30° flying tourbillon: The 30° tilt increases the beneficial effects of the tourbillon, and the front position and the absence of an upper bridge make it more unique, improving the accuracy of the time and also bringing a cinematic visual experience.

Power reserve display: 60 hours of power reserve, provided by a large barrel, and a fuel gauge-style indicator to show the energy level.

Crown design: The watch has three crowns, located on the side at 6 o’clock. The left crown is used to set the time of the central hour and minute hands, the middle crown is clockwise for winding the movement and counterclockwise for winding the automatic device, and the right crown is used to activate the W16 engine animation.

Appearance and materials
Case: 55x44mm, 22mm (rose gold) or 20mm (titanium). The rose gold model is made of 18K rose gold and sapphire crystal, with anti-reflective sapphire crystal, and the case back is also made of 18K rose gold and sapphire crystal; the titanium model is made of titanium, with anti-reflective sapphire crystal, the case back is titanium open back design, and the crown and buttons are made of black DLC titanium. Both watches are water resistant to 30 meters.

Dial and hands: Rose gold-plated dial with blue hour markers and blue “EB” logo, rose gold hollow hands with blue and luminous coating on the tip.

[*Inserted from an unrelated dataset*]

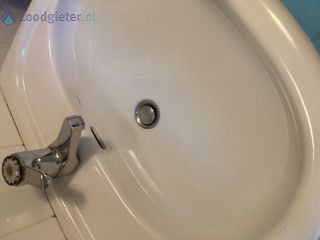 Loodgieter Wastafel verstopt Verstopping/reparatie afvoer wastafel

Strap and buckle: It adopts a hollow rubber strap with 18K rose gold (rose gold model) or black DLC titanium (titanium model) folding buckle. http://www.moon-watch.co

Richard Mille RM UP-01 Ferrari is the new thinnest mechanical watch

Producing the thinnest mechanical watch ever produced is impressive. Scoring Ferrari as a partner is a boost. Charging $1,000 per micron for your product thickness – which, in fact, is impractical – is quite enviable. Yet, sometimes, the end result of such an incredible achievement is still — odd. The record for the world’s thinnest watch seems to be routinely overruled these days, and just a few months after Bulgari took the crown with the 1.8mm-thick Octo Finissimo Ultra, Richard Mille’s new RM UP-01 Ferrari only sets it is 0.05 mm. With an overall thickness of 1.75 mm and made of grade 5 titanium, the new model is an ultra-thin, ultra-light timepiece that continues Richard Mille’s tradition of pushing the boundaries of mechanical timekeeping – from Richard Mille Not calling it a record-breaking watch. interesting.

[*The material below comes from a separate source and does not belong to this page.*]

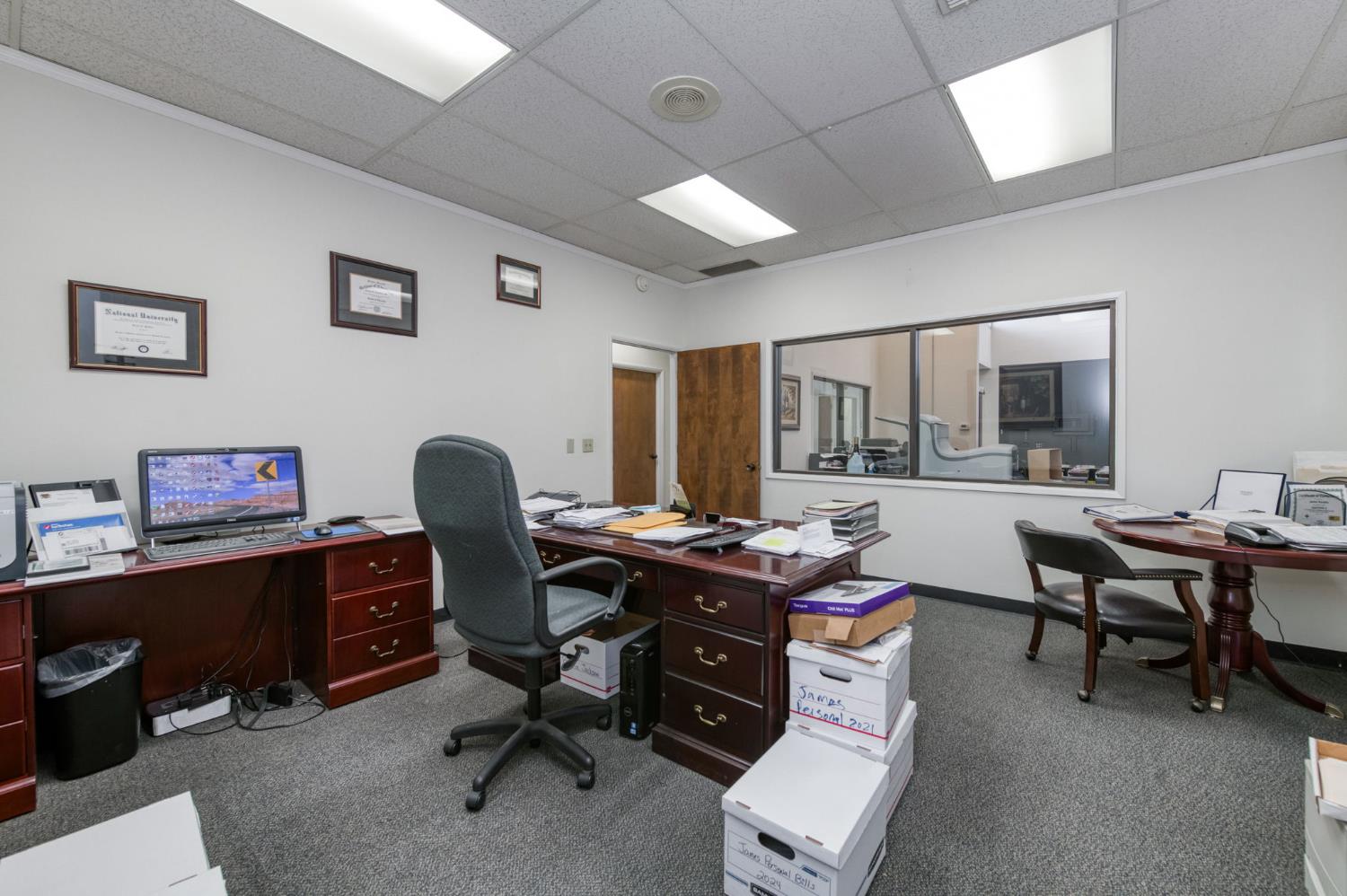 215 S Madera Ave, Kerman, CA 93630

The Bulgari Octo Finissimo Ultra and the Piaget models that held the record before achieved ultra-thinness by having the case double as a structural part of the movement. In contrast, according to the brand, the new Richard Mille RM UP-01 Ferrari uses a more traditional case construction, placing the complete movement inside the case. The case is more of a monolithic design, as its case profile (no matter how slim) and case back are made from the same piece of titanium, while the front, or rather the bezel, is a different piece. Today, most watch cases use a front, middle, and case back.

What good is all this? Well, this rigid construction and uniquely shaped gasket help the RM UP-01 offer a 10m water resistance rating – not something one would expect from a watch of this kind, but then again, Richard Mille knows its customers aren’t afraid to play with their Ten thousand – dollar toys. Neither are its brand ambassadors, like Nadal, who hit 135 mph on his first serve and wore a Richard Mille tourbillon. As you might imagine, having a movement’s main board double as a watch’s mid-case or caseback isn’t ideal for shock resistance — although, to its credit, Bulgari uses tungsten carbide for structural rigidity, while Richard Mille’s LE uses grade 5 titanium.

The 51mm wide x 39mm lug-to-lug case can best be described as a wide rectangle with rounded edges, and despite being remarkably thin, the RM UP-01 Ferrari still features the brand’s signature exposed screws around the perimeter. The overall shape of the case is a bit like the classic tonneau-shaped design of Richard Mille rotated 90°. However, the top of the Richard Mille RM UP-01 Ferrari buying replica watch does not feature the traditional centrally mounted hands of the dial and is covered with crystals, but consists primarily of a titanium surface with four small circular openings engraved with the Ferrari racing emblem .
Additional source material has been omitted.